On 11/21/23 12:41, Andres Freund wrote:
On 2023-11-21 07:42:42 -0400, David Steele wrote:
On 11/20/23 19:58, Andres Freund wrote:
On 2023-11-21 08:52:08 +0900, Michael Paquier wrote:
On Mon, Nov 20, 2023 at 12:37:46PM -0800, Andres Freund wrote:
Given that, I wonder if what we should do is to just add a new field to
pg_control that says "error out if backup_label does not exist", that we set
when creating a streaming base backup
That would mean that one still needs to take an extra step to update a
control file with this byte set, which is something you had a concern
with in terms of compatibility when it comes to external backup
solutions because more steps are necessary to take a backup, no?
I was thinking we'd just set it in the pg_basebackup style path, and we'd
error out if it's set and backup_label is present. But we'd still use
backup_label without the pg_control flag set.
So it'd just provide a cross-check that backup_label was not removed for
pg_basebackup style backup, but wouldn't do anything for external backups. But
imo the proposal to just us pg_control doesn't actually do anything for
external backups either - which is why I think my proposal would achieve as
much, for a much lower price.
I'm not sure why you think the patch under discussion doesn't do anything
for external backups. It provides the same benefits to both pg_basebackup
and external backups, i.e. they both receive the updated version of
pg_control.
Sure. They also receive a backup_label today. If an external solution forgets
to replace pg_control copied as part of the filesystem copy, they won't get an
error after the remove of backup_label, just like they don't get one today if
they don't put backup_label in the data directory. Given that users don't do
the right thing with backup_label today, why can we rely on them doing the
right thing with pg_control?
I think reliable backup software does the right thing with backup_label,
but if the user starts getting errors on recovery they the decide to
remove backup_label. I know we can't do much about bad backup software,
but we can at least make this a bit more resistant to user error after
the fact.
It doesn't help that one of our hints suggests removing backup_label.
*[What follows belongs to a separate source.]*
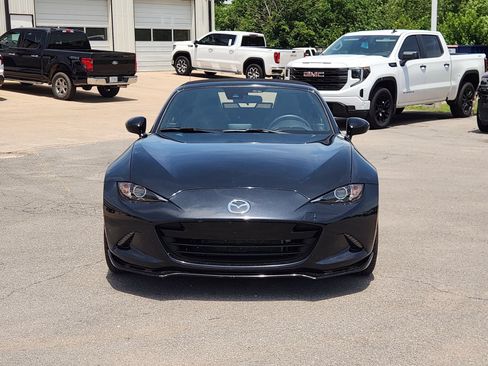 Used 2023 MAZDA MX-5 Miata Club w/ Brembo/BBS Recaro Package RWD image 6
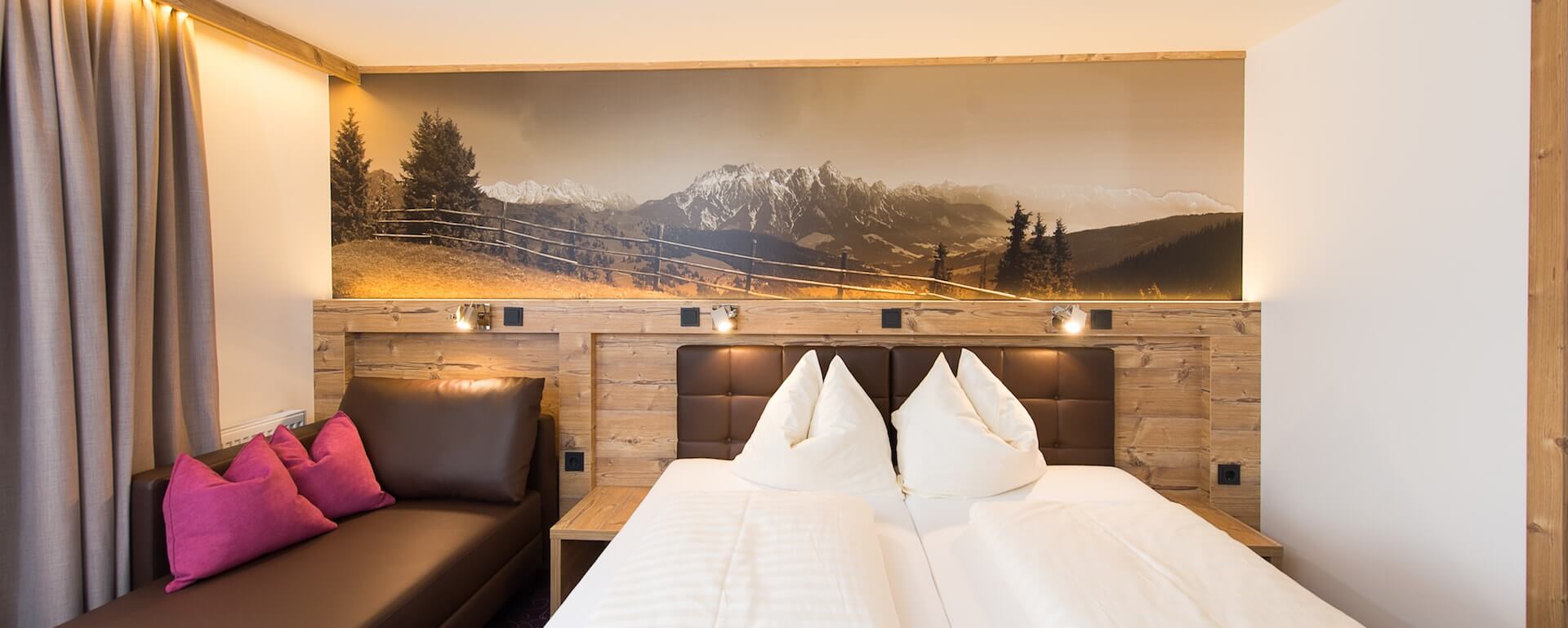 Gemütliches Doppelzimmer mit Alpenpanorama und modernem Holzdesign in der Pension Annemarie.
In
highly automated systems, the user might not even know they just
restored from a backup. They are only in the loop because the restore
failed and they are trying to figure out what is going wrong. When they
remove backup_label the cluster comes up just fine. Victory!
This is the scenario I've seen most often -- not the backup/restore
process getting it wrong but the user removing backup_label on their own
initiative. And because it yields such a positive result, at least
initially, they remember in the future that the thing to do is to remove
backup_label whenever they see the error.
If they only have pg_control, then their only choice is to get it right
or run pg_resetwal. Most users have no knowledge of pg_resetwal so it
will take them longer to get there. Also, I think that tool make it
pretty clear that corruption will result and the only thing to do is a
logical dump and restore after using it.
There are plenty of ways a user can mess things up. What I'd like to
prevent is the appearance of everything being OK when in fact they have
corrupted their cluster. That's the situation we have now with
backup_label. Is this new solution perfect? No, but I do think it checks
several boxes, and is a worthwhile improvement.
Regards,
-David
Regards,
-David